Memories of Blackham School
Sue Roe, nee Lewin, recalls life at Pitfields and attending Blackham School
We moved to Blackham in 1957, when I was 8 eight years old. We lived at Pitfields, the first house down Oak Lane (I never heard it called that) from The Sussex Oak end. My parents, Terry and Jane Lewin, rented it from Colonel and Mrs Haig (Ronald and Cecily) who lived at Park Gate. My father was in the Navy and had just been appointed to a job at the Admiralty. He caught the train to London everyday from Ashurst Station. I definitely felt a bit of an outsider when I started at the school. You could see the school across the field from Pitfields but because of the lie of the land, it wasn’t possible to walk across the field and get into the playground/school. Walk to school I had to walk along the main road from the Sussex Oak, at first, with my mother but later on, by myself, with my mother watching me through a pair of binoculars to make sure I got there safely. The school was small with only two classes. Mrs Forbes was headmistress and she lived, with her husband, in the schoolhouse adjoining the school. She was had a Scottish accent. There were two classrooms and a kitchen where our lunch was prepared. The smaller children were in the smaller classroom on the left as you came in the front doors, after the cloakrooms (pegs and lavatories) The kitchen was straight ahead. I was in the larger classroom on the right, which had a folding screen that could be pulled across dividing the room. We ate lunch at long tables at the
end nearest the kitchen. The room was heated by a coke stove that was set against the long far wall and it had a big guard round it. On wet days we dried our coats on it. I distinctly remember listening to Music and Movement on a big wooden wireless and leaping round the room. Mrs Forbes was elderly and kind but she retired not long after I started at the school. Farming Her replacement was Mr. Dawes, who lived in the schoolhouse with his wife and children, four, I think. He was a good teacher and we did a lot of interesting project work - something new to me. I was very keen on farming and I remember this was the subject of a project that had us researching the history of farming, modern farming methods and food production. I wrote to the makers of Hovis, who sent back a booklet including little sachets of wheat and flour. It was exciting, as a child, to receive letters and packages from the grown up world.

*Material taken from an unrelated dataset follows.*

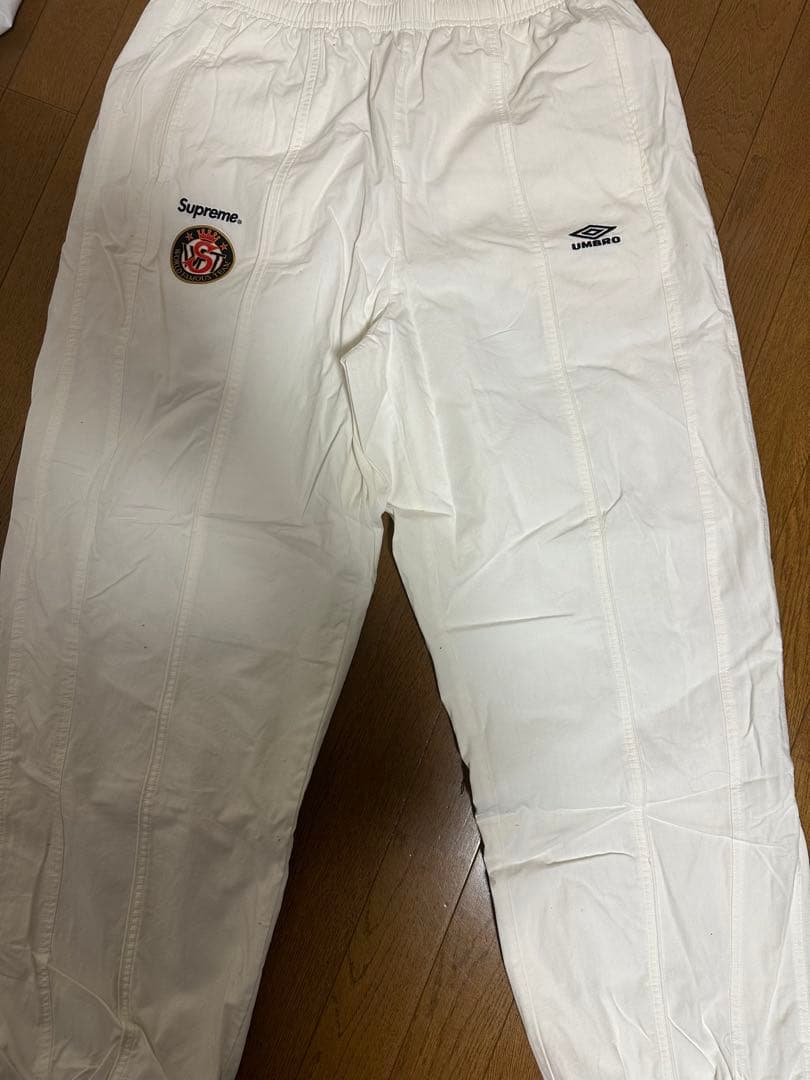 パンツ Supreme Umbro Cotton Ripstop Track Pant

Mr. Dawes also encouraged us to use the grassy garden behind the school and we had individual flowerbeds, which we looked after. I credit Mr. Dawes for encouraging my lifetime interest in nature, the countryside and in horticulture The lunches were good and as I didn’t eat meat (I didn’t like it) the kind dinner ladies gave me grated cheese instead. The vicar The Rev Peter Scott was a regular visitor to our assemblies. He usually wore a fawn duffle coat and rode a Vespa scooter. We mostly played in the tarmac play ground which had steep concrete banks up to the main road at the front and a view across the field to my home at the back. Riding I spent a lot of time playing horses with my friends. I learned to ride at this time, catching the bus every Saturday morning into Langton Green where there were riding stables. I remember being told that the start of the new school year in September
was arranged to allow children to help with hop picking. In 1959 we all sat the 11+ and although I was offered a place at Tunbridge Wells Girls Grammar School, I was sent to boarding school in St Leonards on Sea. Hartfield My younger brother was born in 1959 and soon after he started school at Blackham, it closed and he went by bus to Hartfield School, going on to Sackville School in East Grinstead which was then a new comprehensive school. Pitfields remained our family home until 1973. I loved Blackham School and although I was already a veteran of several schools, it was my favourite. I loved village life and enjoyed being in a small, happy school. I particularly remember Richard Gasson, the late Stephen Crowhurst, Margaret and Rosemary Theobald, Barbara Tester, Michael Tollhurst, John Hammond and the Rakov children. Richard Gasson’s parents sold their car, PJ 9797, a 1932 Austin 10, to my parents in the early 1960s. My brother Tim restored it and still sometimes drives it. I recognize myself in the 1958 school photo. I pretty sure I am the last girl on the right in the front row. I am wearing a yashmak so hard to be certain!